Ce 1er mai 2012 restera sans doute dans les annales de l’histoire politique française. Et ce sera un bien mauvais souvenir. Aujourd’hui, la droite française a perdu son âme.
On s’attendait à voir trois France manifester dans Paris. La France de Marine Le Pen, à la fois vaincue et triomphante depuis le premier tour de la présidentielle, la France de gauche, déjà victorieuse, derrière les syndicats et quelques ténors de la gauche, et la France de droite, tentant un ultime baroud d’honneur et acclamant un Sarkozy pratiquement résigné à la défaite.
Certains reprochaient d’ailleurs –à juste titre- au président-sortant, acculé dans les cordes de tous les sondages, d’avoir lancé ce dernier défi en faisant de la provocation, avec l’organisation, improvisée au dernier moment, de cette « vraie » fête du « vrai » travail pour répondre à la traditionnelle fête des travailleurs, annexée depuis toujours par les syndicats et la gauche.
Voulant « cliver », une fois de plus et plus que jamais, non seulement Sarkozy s’en prenait, comme depuis quelque temps, aux syndicats (ce qui était son droit et bien maladroit) mais, ce coup-ci, il opposait officiellement les travailleurs (du privé) aux fonctionnaires, les salariés aux chômeurs. Or, même pour grappiller quelques voix égarées, le rôle d’un président -sortant ou futur- n’est pas de diviser les Français, favorisés contre défavorisés, riches contre pauvres, ceux qui bénéficient d’un statut particulier contre les autres, ceux qu’on dit « assistés » contre les autres.
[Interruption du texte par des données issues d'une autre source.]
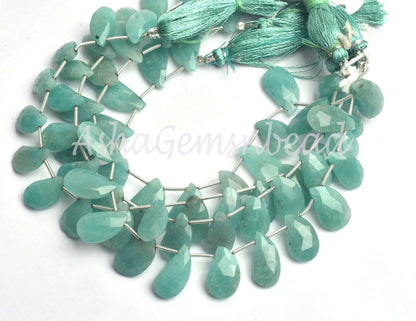 Natural Amazonite Fancy Mango Shape Faceted Gemstone Beads, Blue Amazonite Side Drill Fancy Keri Briolette Bead, Blue Amazonite Bead Jewelry
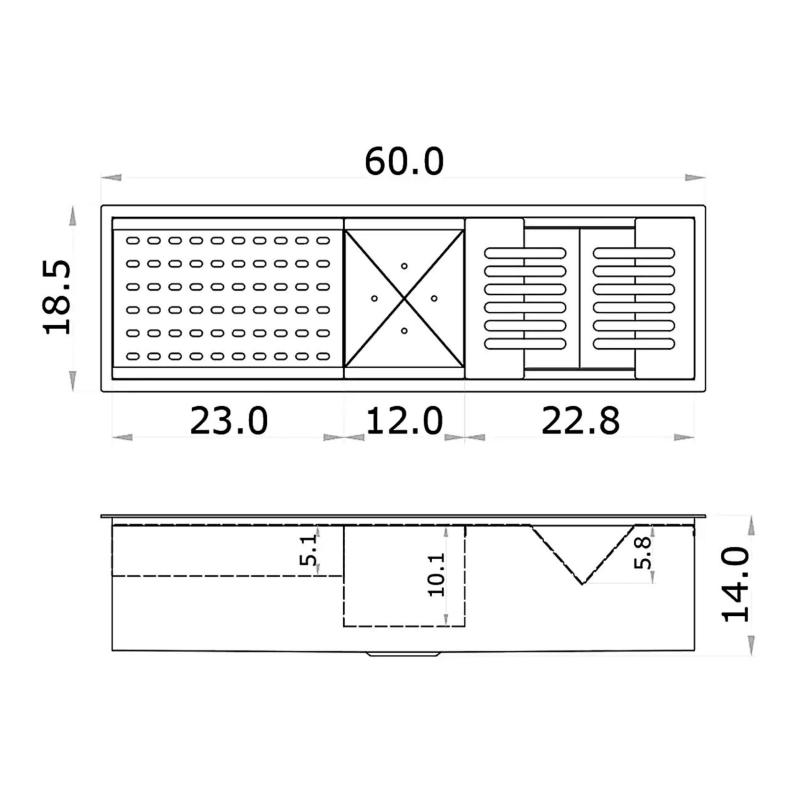 Barra Escurridora Secaplatos 60cm Acero Inox. Mi Pileta BS60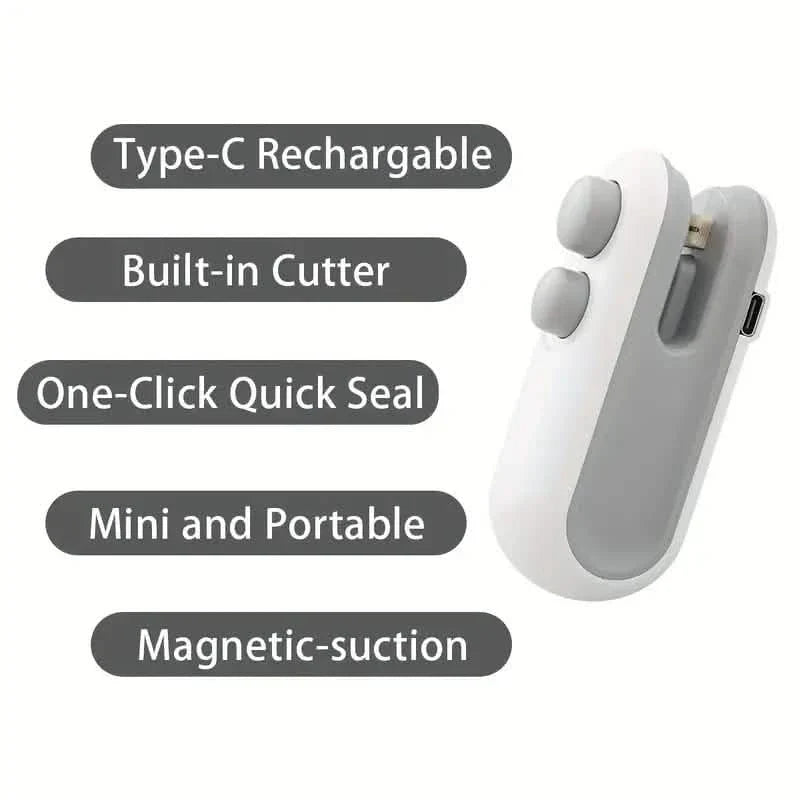 2-in-1 Mini Bag Sealer For Snacks, USB Rechargeable Plastic Heat Sealer With Cutter DailySale
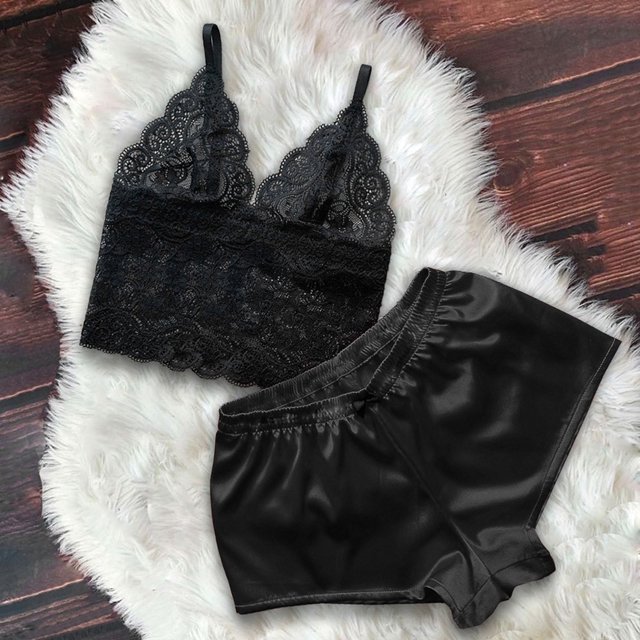 LSLJS Ensemble Deux Pièces pour Femmes en Dentelle Satinée, Camisole à Bretelles, Hauts, Shorts, Pyjama, Ensembles de Lingerie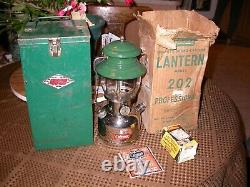 Vintage Coleman 202 lantern with box and metal carry case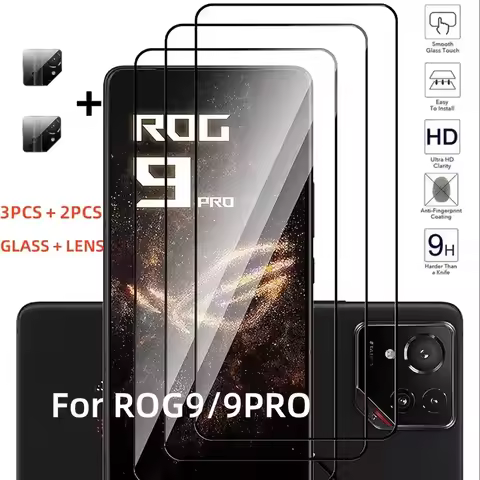 3+2pcs Black Edge HD Tempered Glass Screen Protector for ASUS ROG Phone 9 Pro 8 7 Zenfone 12 Ultra A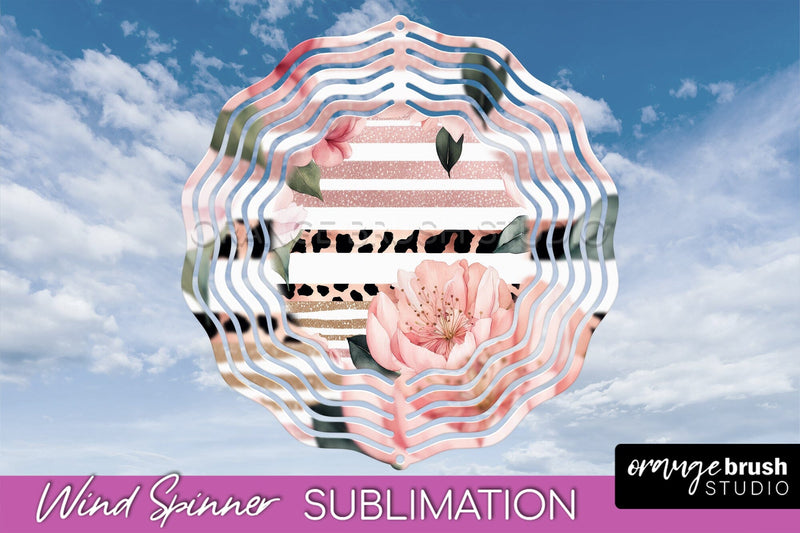 Pink Flowers Wind Spinner - Summer Wind Spinner Sublimation Sublimation OrangeBrushStudio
Un chef de l’Etat -sortant ou à venir- se doit, avant tout, d’être le président de « tous les Français » comme l’affirme la formule consacrée, d’être un rassembleur.
Il est vraisemblable que cette dernière initiative de Sarkozy va laisser des traces. Il y aura maintenant « ceux du Trocadéro » et « ceux de la Bastille ». Certes, il y avait, déjà et de tous temps, la droite et la gauche mais personne jusqu’à présent n’avait eu l’idée absurde de les faire descendre dans la rue, le même jour, à la même heure.
Mais il y a eu bien pire. Au Trocadéro, ce ne fut pas la « vraie » fête du « vrai » travail, ce fut la naissance officielle d’une « vraie » droite « vraiment » à droite et qui n’avait plus rien à voir avec celle de de Gaulle, de Pompidou, de Giscard ou de Chirac. Une droite qui, pour tenter de survivre, se ralliait, toute honte bue, à l’extrême-droite.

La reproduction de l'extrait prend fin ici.